By Julianne Dalcanton | November 19, 2008 1:49 pm

Google is now serving up more than a hundred years of photographs from Life Magazine. The pictures of the early days of astronomy are just spectacular. The archives contain images of many astronomers who were critical figures in the development of the field, but who have yet to have telescopes named after them. A large fraction of them also seemed to smoke pipes.

A huge hero of mine is Walter Baade. Baade was the guy who essentially took over observations at Mt Wilson during the blackouts of WWII. With the lights of Los Angeles snuffed out, and unable to serve in the military himself, he pushed the telescopes on Mt Wilson to their limits, and established the study of stellar populations in nearby galaxies.


There are some terrific pictures of Walter Adams working at Mt Wilson. In the picture below, he’s holding the telescope controls used for guiding. During an astronomical observation, you have to move the telescope to compensate for the earth’s rotation. Nowadays, your computer can take care of it by adjusting the position to keep a bright star at a fixed position on a CCD camera.
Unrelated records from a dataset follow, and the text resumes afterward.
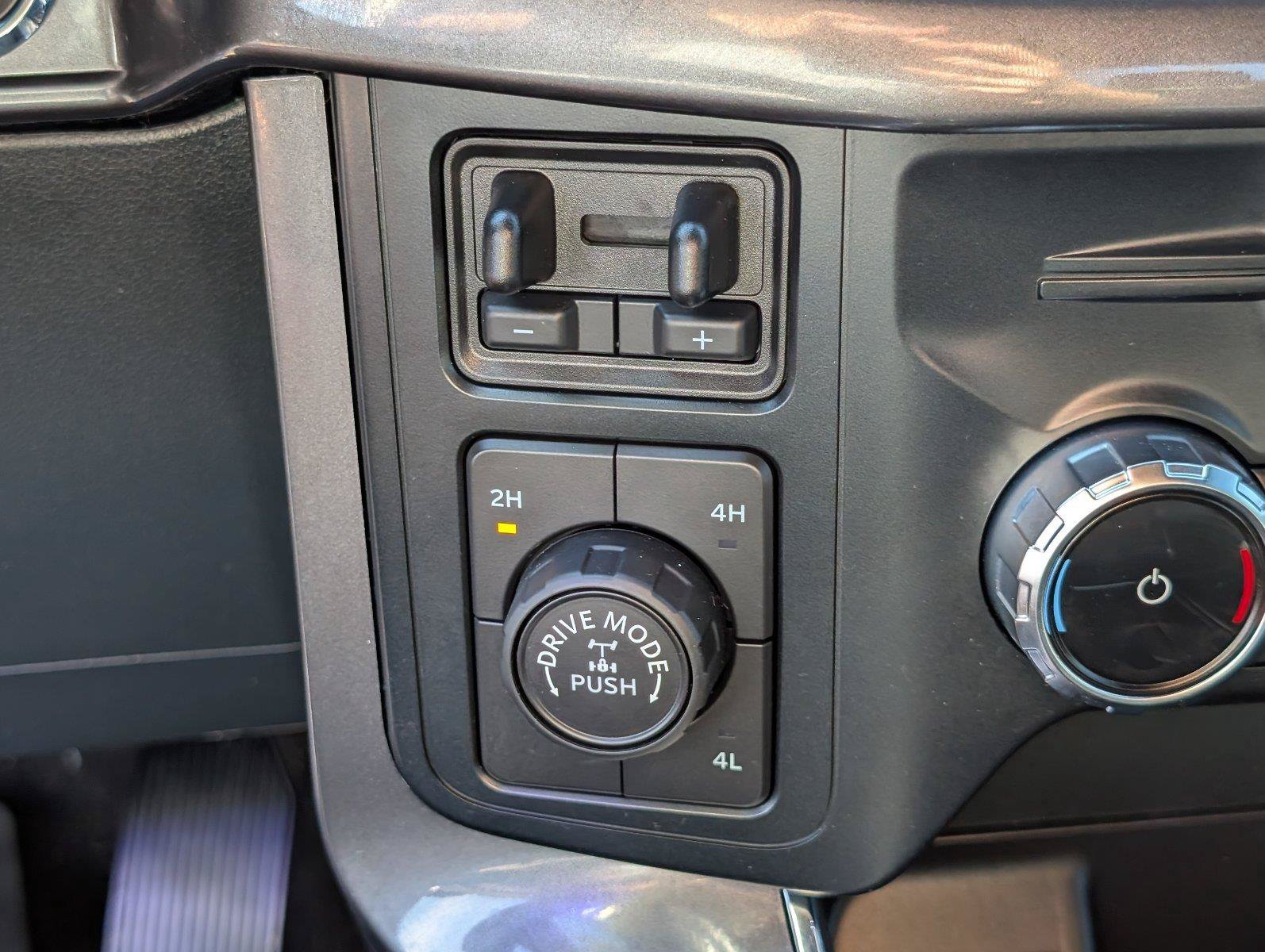 Used 2023 Ford F150 XLT w/ Equipment Group 302A High AWD/4WD image 26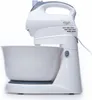 Adler Mixer mit Drehschüssel 3L, 5 Geschwindigkeiten, Turbo Produktbild-Vorschau 23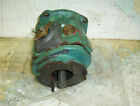 Rv10dt.2vp Walter Machine Co Boaters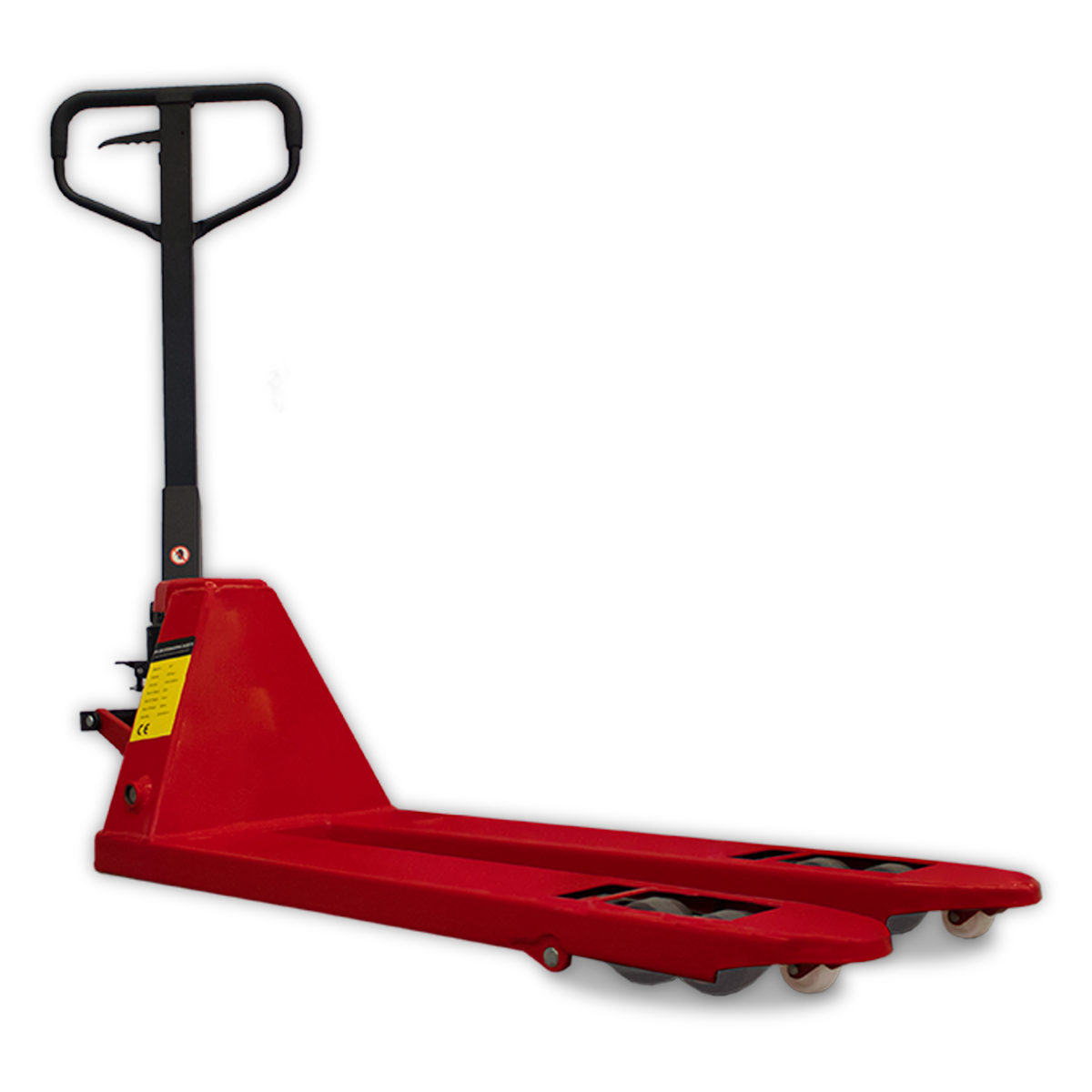 Patín estándar 3 Ton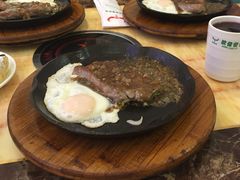 -芭菲盛宴·环球美食(解放碑英利国际店)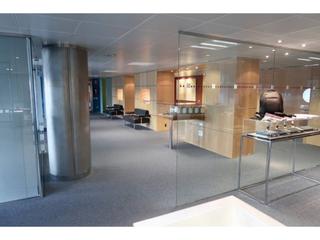 Bureau à Ingeniero manuel becerra 1. Oficina en venta en puerto canteras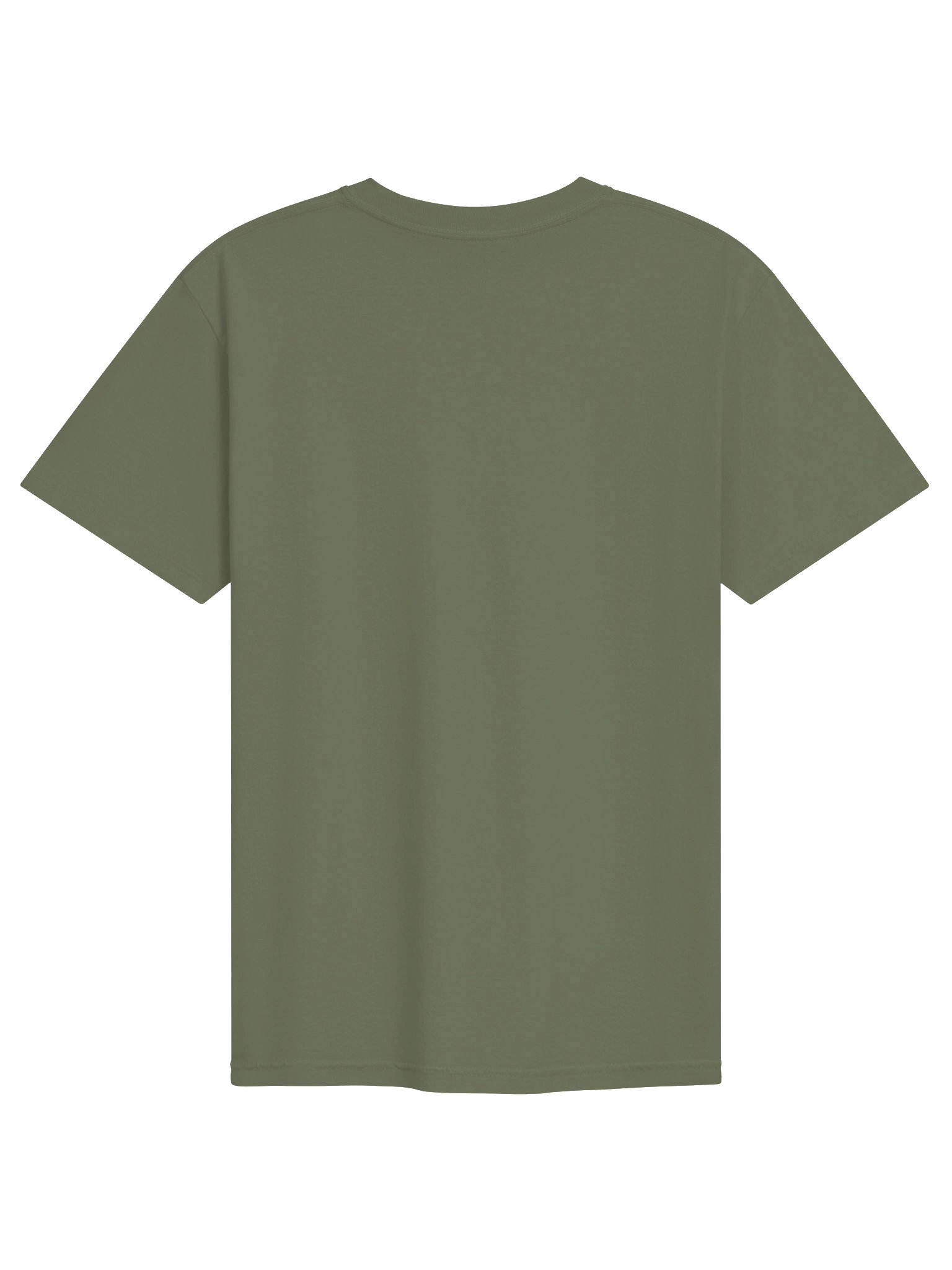 BAWKS – 1.25 m Cargo Box Schematic Tee product image (2)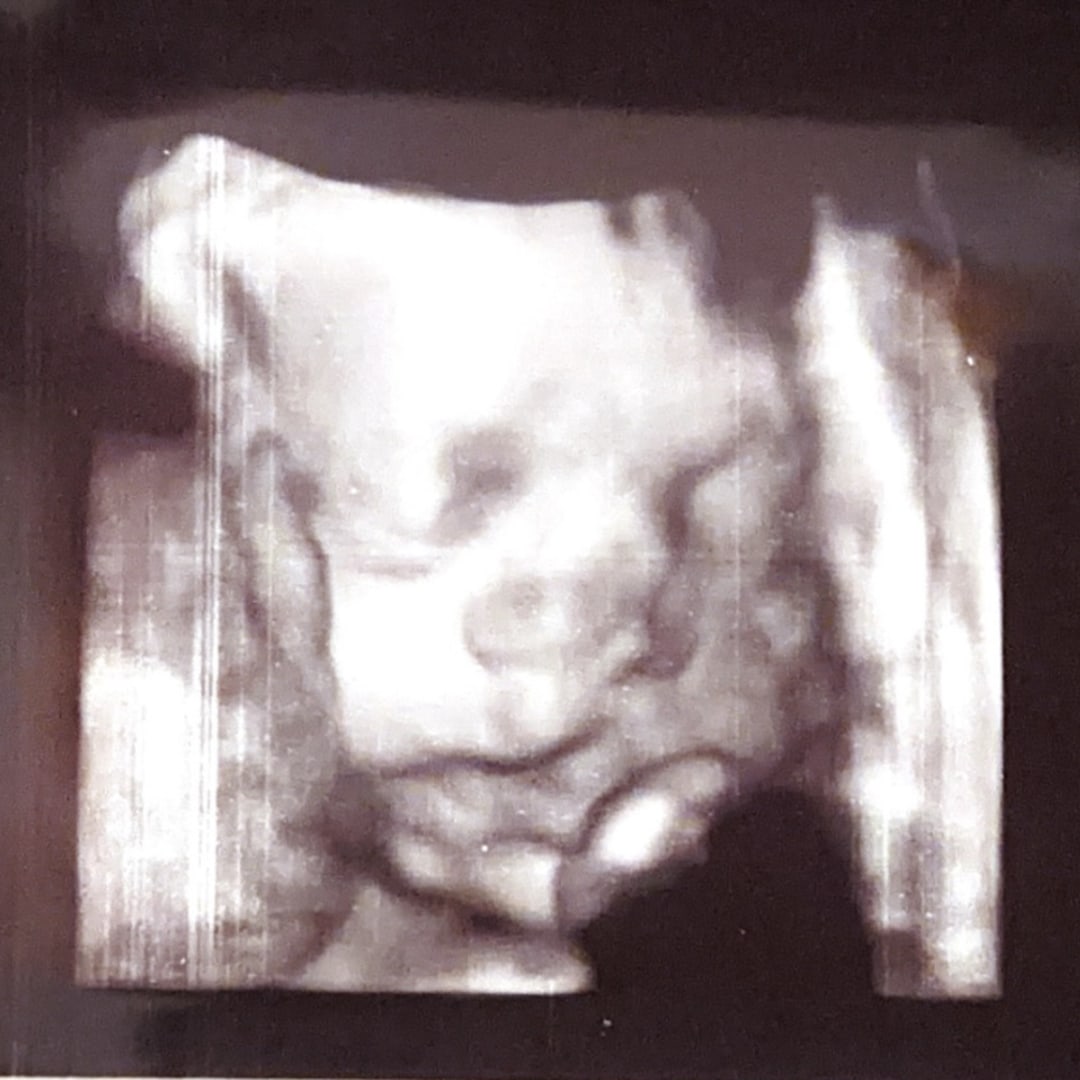 Photo shared by Jayda for their Babylist baby registry.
Back then, you looked through a little spotting scope, and manually adjusted the telescope position to keep it pointed at the right part of the sky. If you let it drift, your image would be blurry. No pee breaks for you, Dr. Adams!


The guy kneeling in the figure below is Gerard Kuiper, working on a telescope at McDonald Observatory. He was a planetary astronomer, and the guy for whom the “Kuiper Belt” in the outer solar system was named, although Edgeworth probably deserved more credit for it. (Kuiper actually does have an airborne observatory named after him).


And you have to love this picture of Frank Drake, working at the National Radio Astronomy Observatory in Greenbank West Virginia. You really can never have enough toggle switches. FYI, Drake is the guy behind the “Drake Equation”, used to estimate the likelihood of contact with extraterrestrial civilizations.


And finally, a wonderful overhead shot of the 100″ telescope at Mt. Wilson

Mt Wilson overhead

The pictures above are a tiny fraction of the available pictures of working scientists. Cancel your afternoon appointments and dive in.